━━━ Listed records
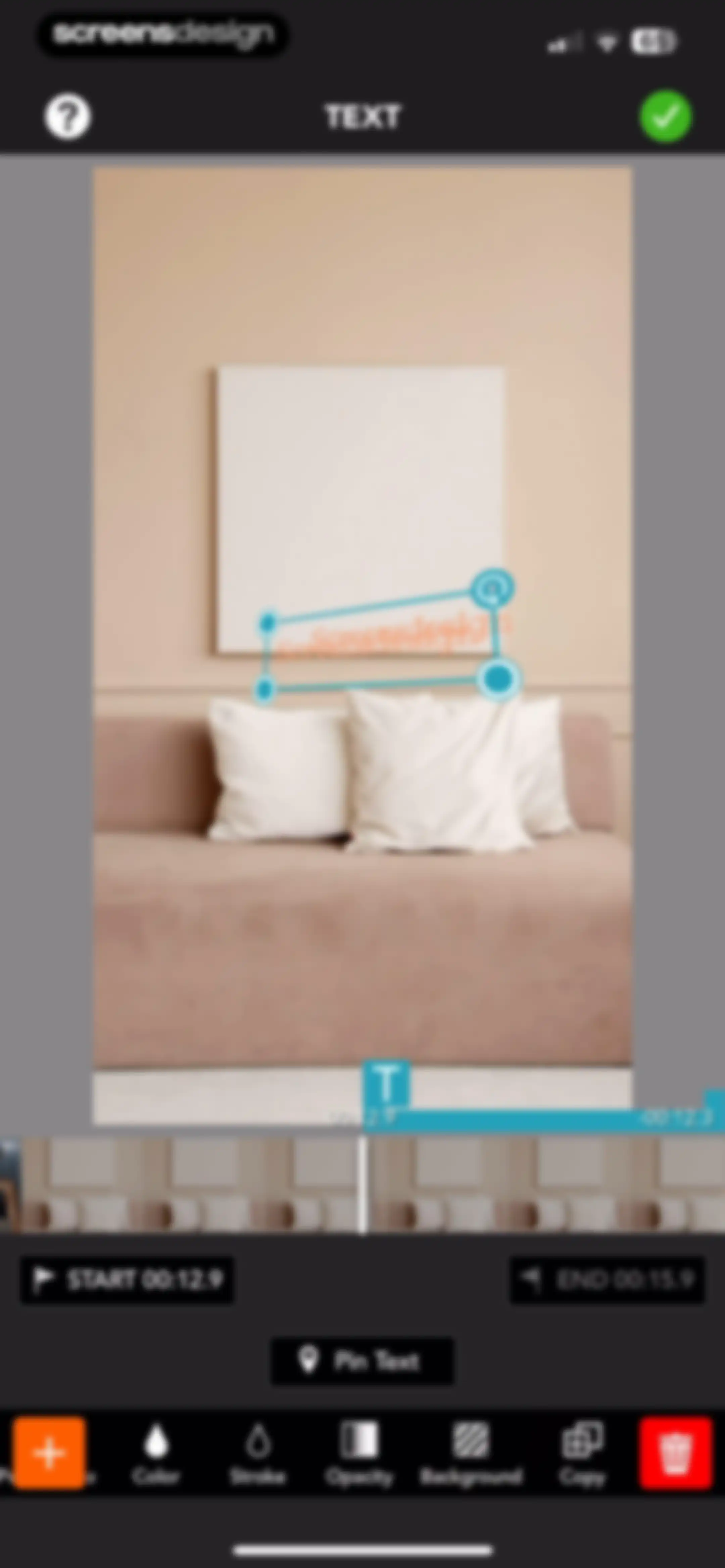 PicPlayPost: Video Editor screen 55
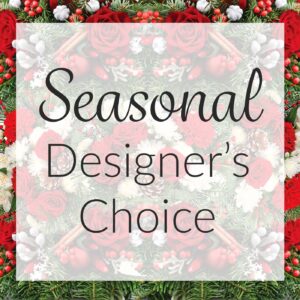 Happy Holiday's (Seasonal Designers' Choice)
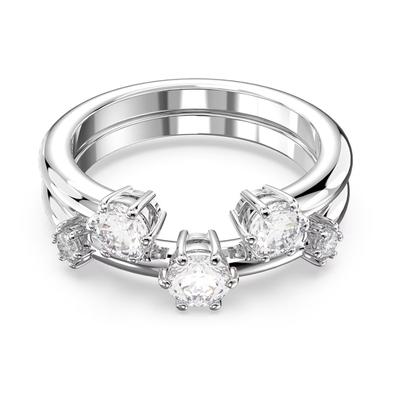 Swarovski Constella gyűrű szett 60-as méret (5640963)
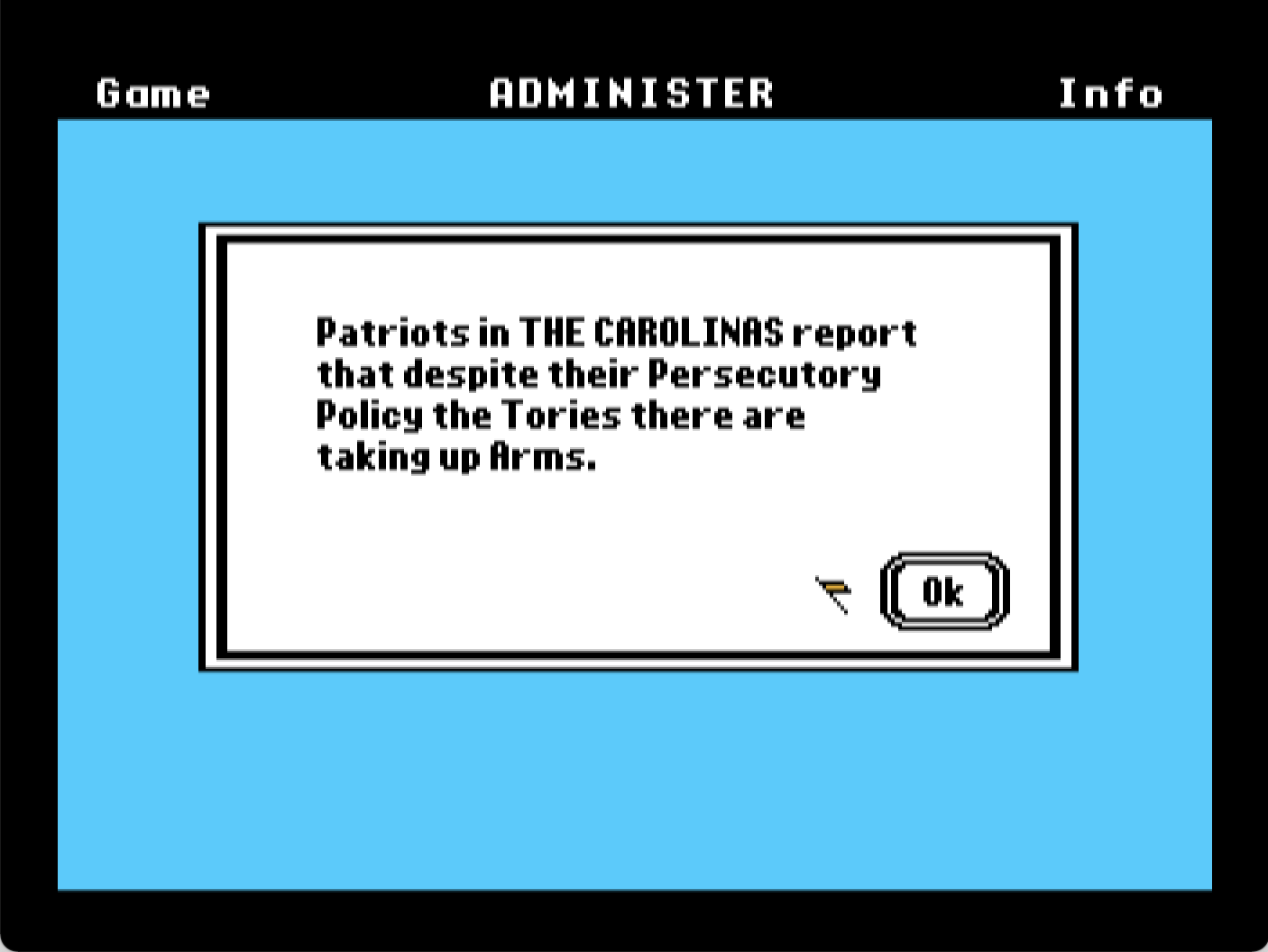 Revolution '76 screenshot 8 of 18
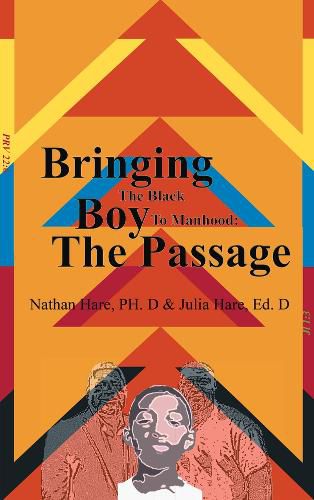 Cover image for Bringing the Black boy to Manhood: The Passage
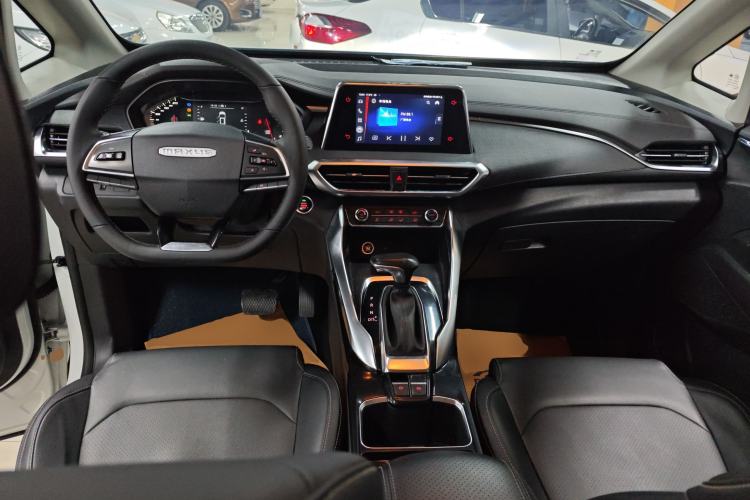 Used SAIC MAXUS G50 2020 1.5T Automatic Elite Edition
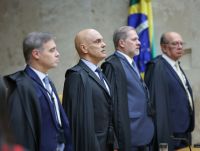STF ainda aguarda parecer da PGR sobre Lei da Dosimetria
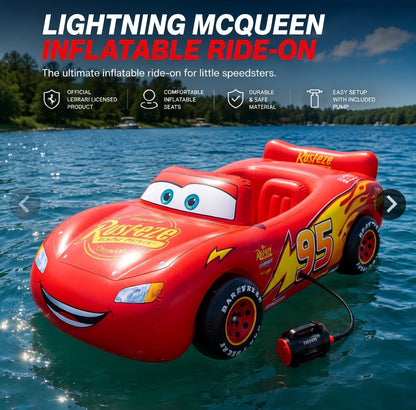TheAquaFloatie - Lightning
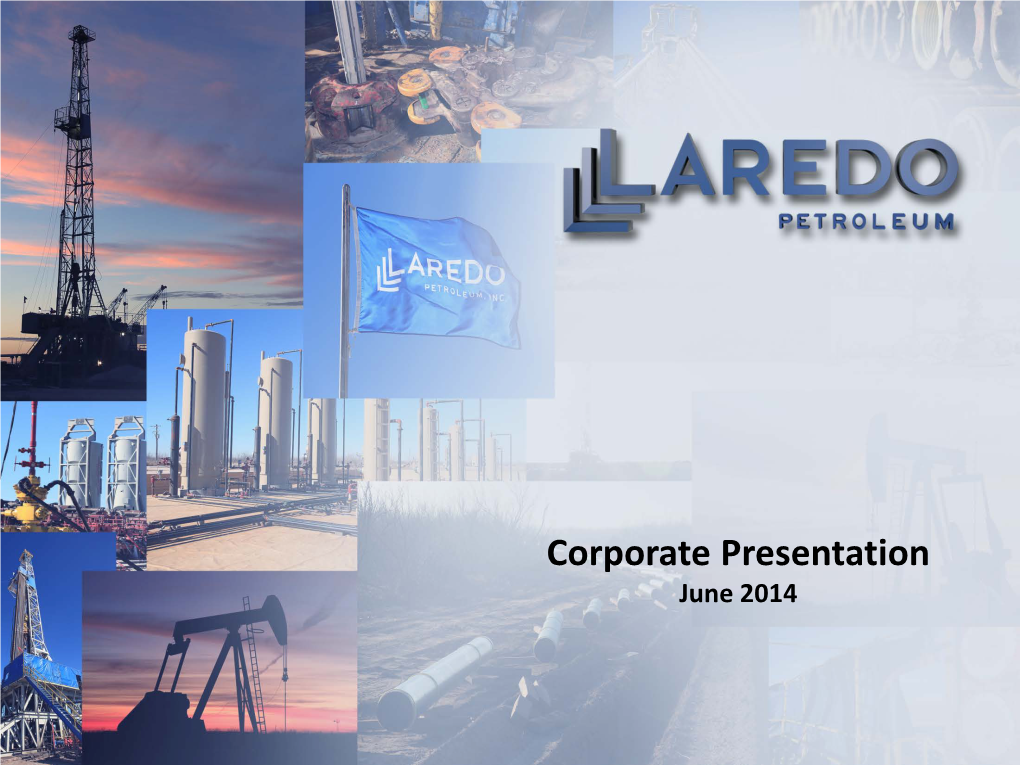 June-2014-Corporate-Presentation.Pdf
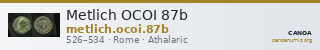 Metlich OCOI 87b — CANOA
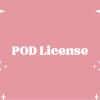 POD License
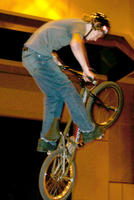 bmx jump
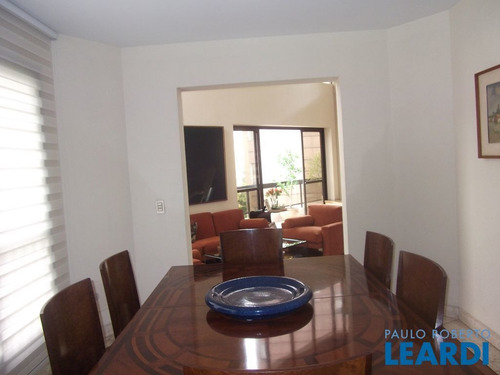 Imagem 3 de 15 de Apartamento - Vila Nova Conceição - Sp - 516721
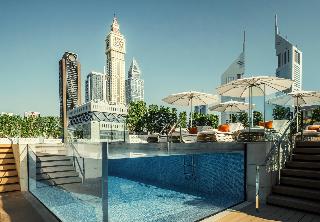 Four Seasons Hotel Dubai International Finance Cen fotoÄŸrafÄ±
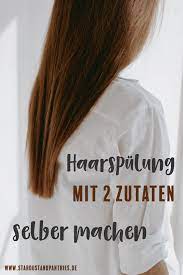 rosmarin spulung fur glanzende haare selber machen haare pflegen glanzendes haar gesunde haare tipps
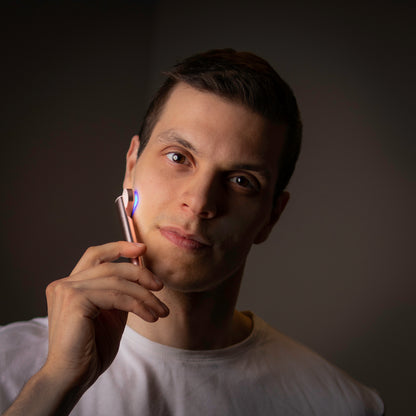 Andlits Sproti (2 Bylgjulengdir)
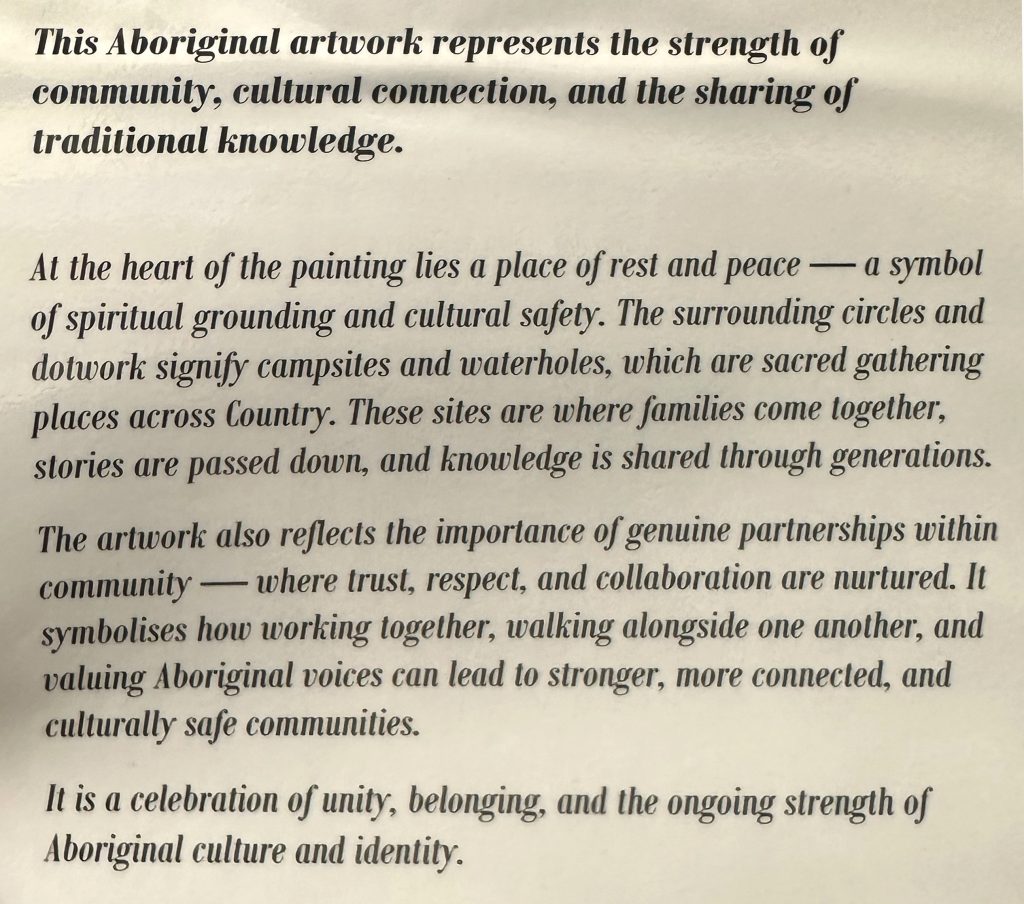 Reconciliation week 2 meaning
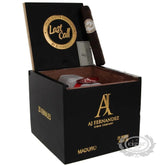 AJ FERNANDEZ LAST CALL MADURO GENIALES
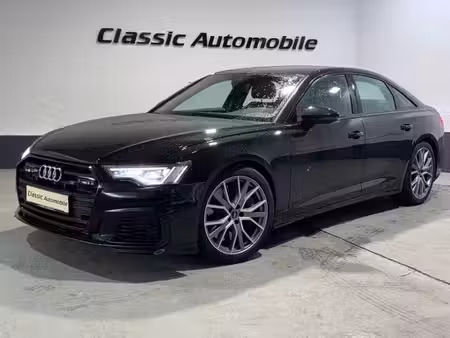 Audi A6 S6 3.0 TDI 349 quattro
━━━━━━
= Work order =
When copying from the data above, print only the lines from the line containing "Four Seasons Hotel" to the line containing "Reconciliation week 2 meaning", exactly, and leave the pictures out.

= Worked solution =
 Four Seasons Hotel Dubai International Finance Cen fotoÄŸrafÄ±
 rosmarin spulung fur glanzende haare selber machen haare pflegen glanzendes haar gesunde haare tipps
 Andlits Sproti (2 Bylgjulengdir)
 Reconciliation week 2 meaning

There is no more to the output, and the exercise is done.